In the long run

A question a friend recently asked about spiritual healing took me back to an experience I had running a hundred-mile race through the mountains. Telling me that he found his spiritual practice helpful with work situations and relationships but medical attention simpler for his health-care needs, my friend asked why I, a Christian Scientist, sought healing through spiritual treatment. It’s a good question, and I addressed it by sharing my ultramarathon experience.

I had been running marathons (26.2 miles, or 42.195 km) for some time, and loved it because of the spiritual growth I experienced along the way—in both the preparation and the actual race. Running four times that far sounded almost impossible, but the idea intrigued me.

The challenges of life often push us to grow spiritually, and it’s also nice from time to time to choose activities that we feel will deepen our understanding of God and our spiritual identity—whether that be working on an art project, playing a piece of music, growing the perfect tomato, or going for a very long run. So, I signed up for the race and began training. 

I didn’t want to miss the opportunity to understand my relationship to God.

My main goal was to grow spiritually through the process—specifically, to learn more about healing. I knew that in order to make the distance, I couldn’t help but have a healing experience, because for some time I had been dealing with a kind of runner’s illness. In many long training runs or events, I would get sick and be forced to drop out. I had been praying about this diligently and seeking spiritual answers, but had not yet found freedom from the condition.

In the runners’ meeting before the race, the director handed out bags to all the participants and mentioned that in the bag was a kind of medication for this condition. It had not occurred to me to diagnose the illness or seek medication for it, but there in my bag was potentially a simple remedy for something that could otherwise keep me from completing the event. 

I sat there and thought again about what my goals really were. Of course, I was hoping to complete the race, but my real goal was to grow and deepen spiritually. I recognized that the medication might help me reach the finish line, but I didn’t want to miss the opportunity to understand my relationship to God more clearly. I wanted to experience how understanding myself as spiritual, the expression of divine Spirit, could bring freedom from physical limitations such as illness. 
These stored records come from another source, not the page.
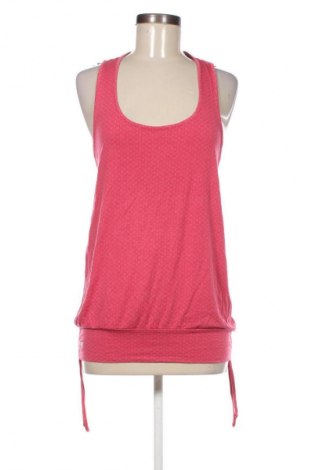 Női top Reserved, Méret L, Szín Sokszínű, Ár 1 869 Ft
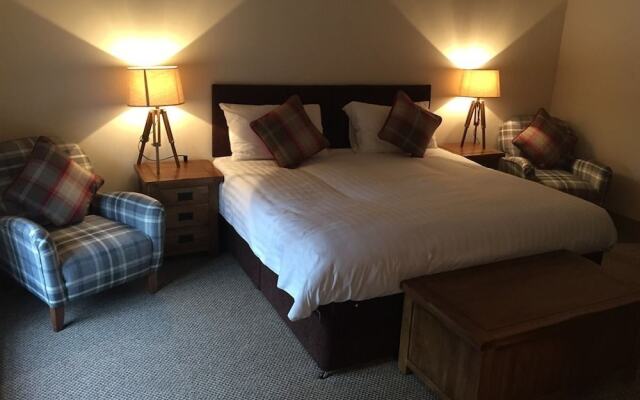 Palmers Ale House & Kitchen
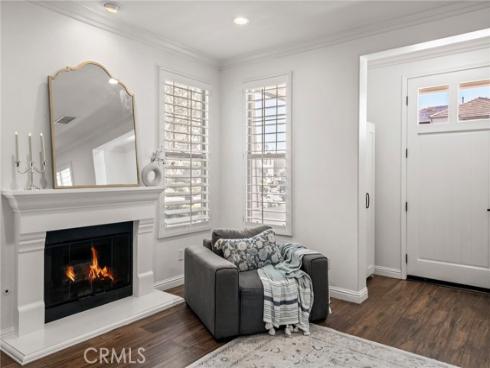 19  Via Destino  , San Clemente, CA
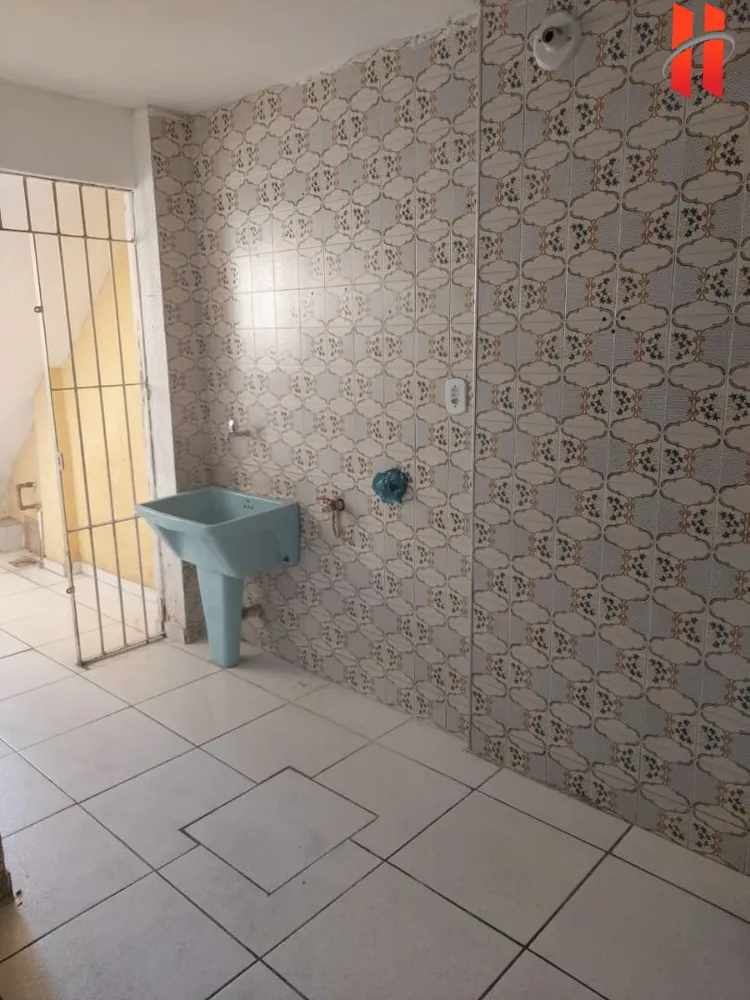 Casa, 4 quartos, 270 m² - Foto 5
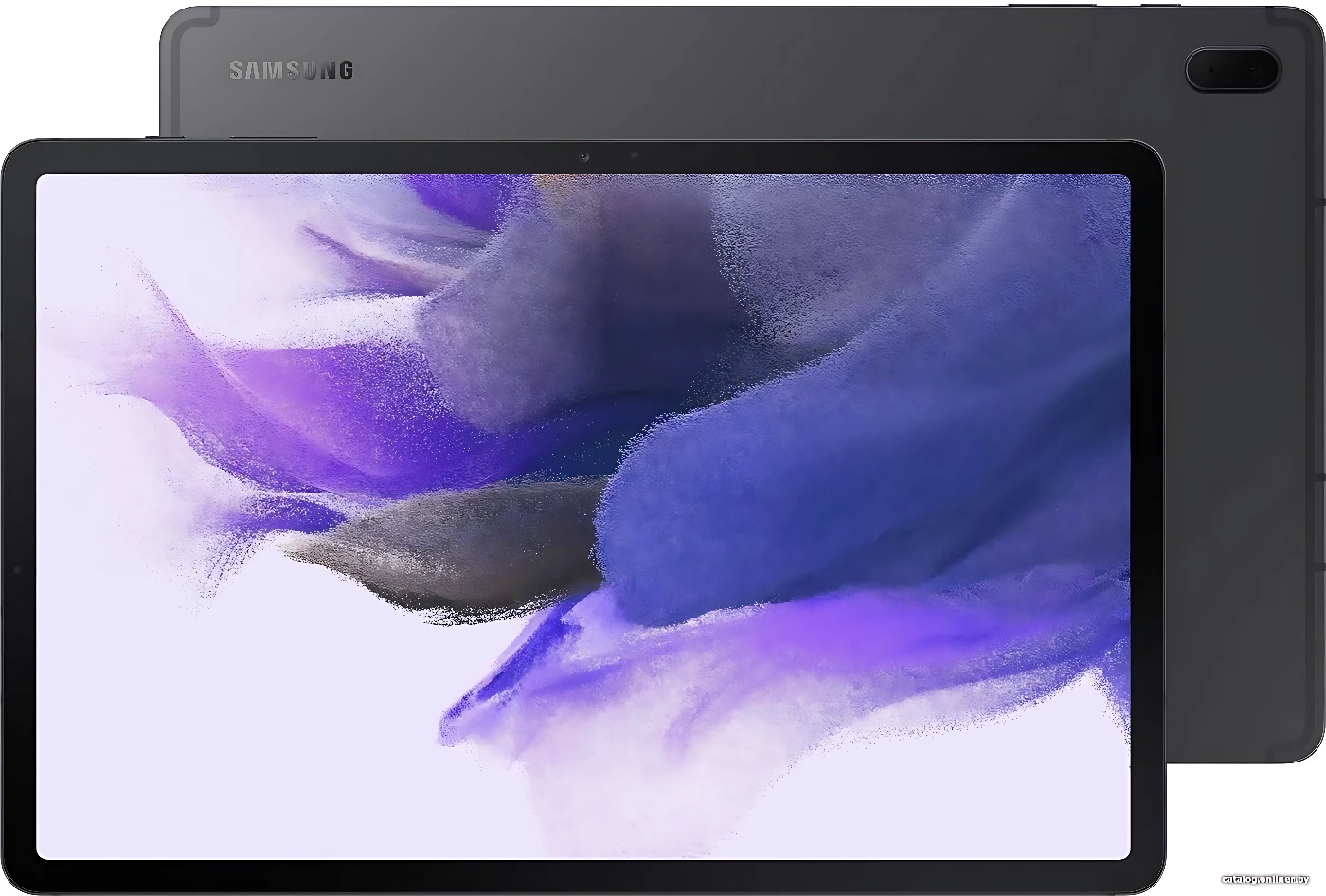 Планшет Samsung Galaxy Tab S7 FE LTE 64GB
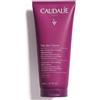 CAUDALIE ITALIA SRL Caudalie Thé Des Vignes Trattamento Corpo Ialuronico Nutriente 200 Ml 2022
I trusted that the truth of my spiritual wholeness was knowable and provable.

The Christian Science textbook, Science and Health with Key to the Scriptures by Mary Baker Eddy, states that “. . . all is Spirit and spiritual” (p. 331). I had a sense that in this run I was going to learn more about what that meant. So, I set the medication aside and headed for the start line.

About halfway through the run, the sickness I’d previously dealt with came on very forcefully, and it appeared that it would be the end of the run for me. I stopped briefly at an aid station and called a Christian Science practitioner to pray with me. She agreed that she would affirm in prayer my God-created spiritual wholeness and would listen for what divine Love was communicating about my God-reflecting freedom. 

Before joining the race again, I thought about a few passages from the Bible. Christ Jesus taught his followers, “Ye shall know the truth, and the truth shall make you free” (John 8:32). I trusted that the truth of my spiritual wholeness was knowable and provable, so I could find freedom from the imposition of sickness. Psalms 18:32 says, “It is God that girdeth me with strength, and maketh my way perfect.” With trust in that promise, I slowly and prayerfully resumed running, seeking the effectiveness of that ever-present divine help to make my way perfect. 

A few miles later, and for the first time in many years of running and experiencing that runner’s illness, the grip of the pain and discomfort broke. I was completely healed of sickness and able to finish the hundred miles joyfully.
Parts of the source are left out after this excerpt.